Stegner House April 11th, 2022

Just at the town’s entrance, as I leave, a right-hand turn takes me off the asphalt and onto the municipal gravel highway system. I cross over the Frenchman River and up past Chocolate Hill on 614. The truck coming to speed seems to slightly float and then settle into the triad of smoothed gravel lines that extend out in front of me. The road curves left around the hillside, then a sharper angle to the right as it climbs into the coulee. The large gravel arc of the road flattened in the middle a good ten or more feet above the ground. Suddenly I am on the flat prairie, and any hint of the valley behind me is gone.

I feel for that speed where the gravel neither sings nor spits, and now the truck glides smoothly in the middle of the road. The sounds are those of years ago one hot summer night, Creedence Clearwater turned up on the radio, four of us heading into the evening with a case of cold ones in the Chevy Acadian with the windows rolled down.

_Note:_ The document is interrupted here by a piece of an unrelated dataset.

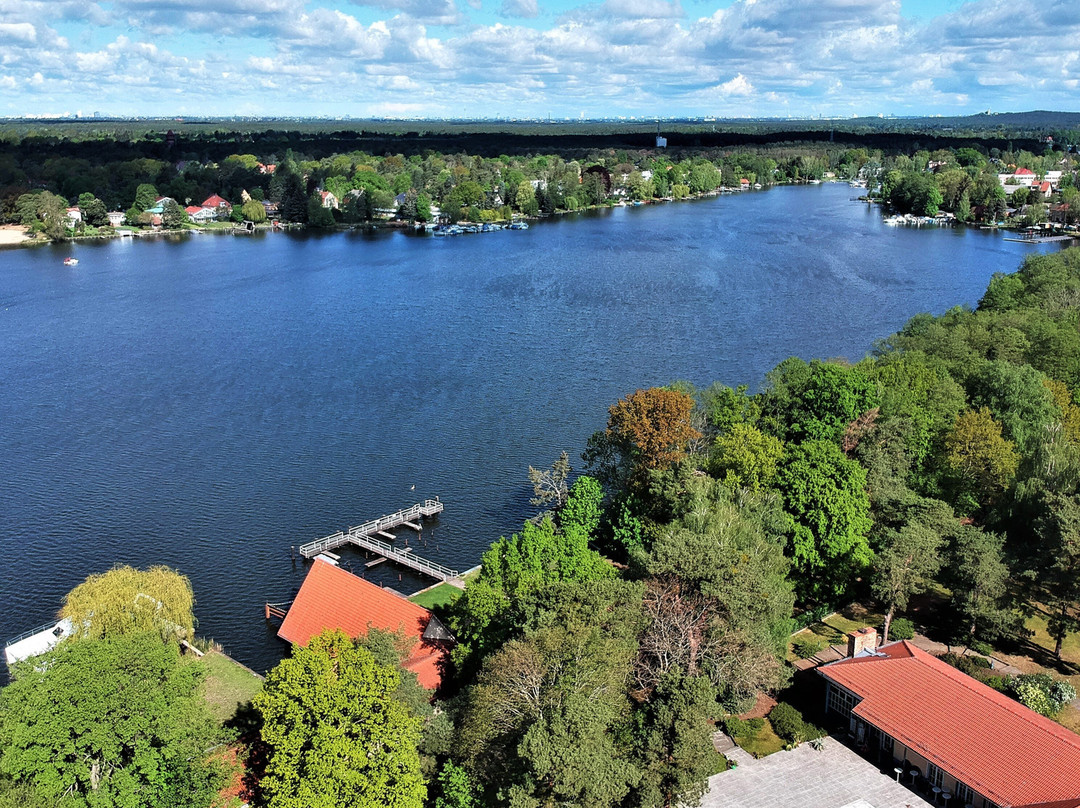 Waldhotel am See Berlin-Schmockwitz主图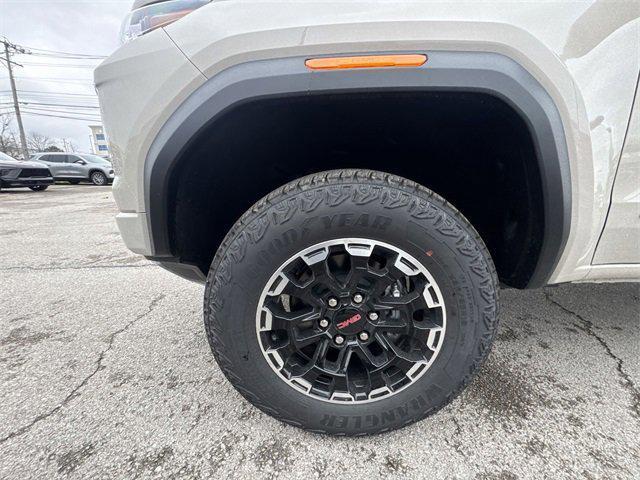 new 2026 GMC Canyon car, priced at $51,388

Deep in the Kananaskis, we would build a fire, sip on beer kept cold between stones in the creek, and talk… Then suddenly, ahead of me is a cluster of trees, a sure sign of an old windbreak for a farm, the only cluster of buildings in the middle of vast rolling fields that stretch out as far as one can see. Fenced paddocks, equipment, outbuildings, and hay storage surround the house.

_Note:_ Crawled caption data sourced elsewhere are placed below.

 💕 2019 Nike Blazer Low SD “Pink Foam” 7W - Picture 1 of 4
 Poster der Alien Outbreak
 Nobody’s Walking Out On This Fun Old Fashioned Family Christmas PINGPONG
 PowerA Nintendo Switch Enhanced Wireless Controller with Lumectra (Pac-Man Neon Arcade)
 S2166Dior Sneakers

The rhythms of the truck take me back again. I remember the Sheep River valley near Okotoks, where we fished for rainbow trout under the willows just above, where the rocks create a white frothing line across to the other side. Our lines trail downstream to the bobbing floats, and we stand midstream in old sockless sneakers and blue jeans. We had left the car at the side of the road, twisted the barbed wire together temporarily, ducked into the farmer’s field, keeping an eye out for bulls, and after 10 minutes in the field, we descended again to the river’s bank… I angled the truck to the left, then right, dropping again into another valley where Conglomerate Creek follows a serpentine course in the flat belly of the valley, a valley that snakes like the river. They seem to play across the flat expanse as the creek tries to escape the valley and the valley pushes back. I slowed the truck near the bottom of the descent; the XTC ranch entrance was off to my left, run by two families that raise breeding stock, purebred Herefords.

On either side of their entrance sign hung on a log stand are flags eaten in half by the wind. I pick up speed again; the road winds out into the valley and crisscrosses the creek.

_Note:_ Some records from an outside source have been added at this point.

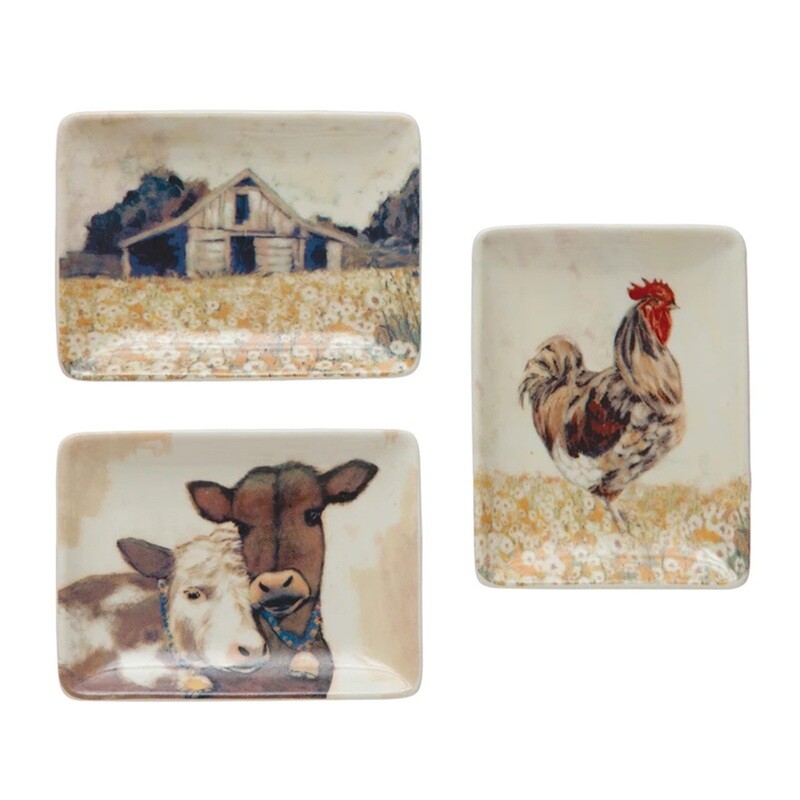 PL224 Farm Dish
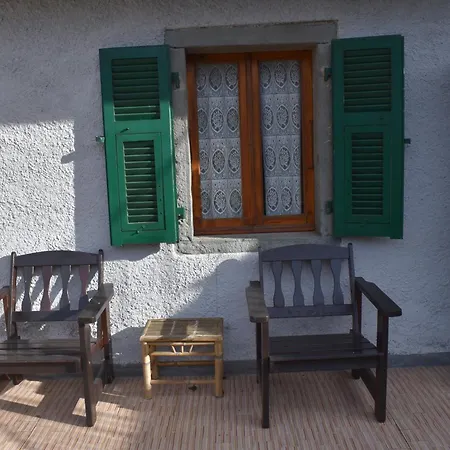 Casa Di Alice * Mulazzo
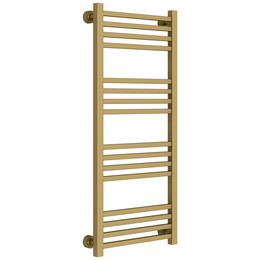 Полотенцесушитель водяной Сунержа Модус PRO П16 400x1000 мм 032-0450-1040, золото матовое - фото 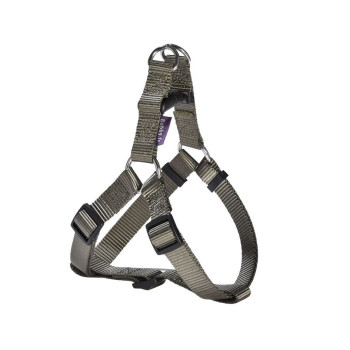 Ferplast Club C Colours Nylon Dog Collar With Snap ClipColor: Green, Dimension: 36-56cm x 20mm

The snow is white against the ochre grass below a cerulean sky; then, a cobalt creek frosted on the edges with ice appears on my left. I stop, the flashes on and I step out to take it all in. The air is unseasonably cold—an Anthropocene day, not the usual nine degrees but just above zero. There is no sound, but the creek; the water is gurgling.

The cold is biting on the hands, head, and through the jacket. I climb back into the warmth of the truck and begin again down the road; then a slough against the side of the mountain. I slow again to take in its colours against the rolling hillsides. I stand for a while. A single-car, the rancher rolls by, turns up a side road and, opening a cattle gate drives into his herd of prize Herefords. They gather around the truck expecting something to come of the visit.

On my return, on either side of the road as I descend into the Eastend valley are small clusters of farm complexes against the hillside. The clouds are thickening with a darker underbelly, belying what’s to come, as what is to come will not be a brief rainstorm.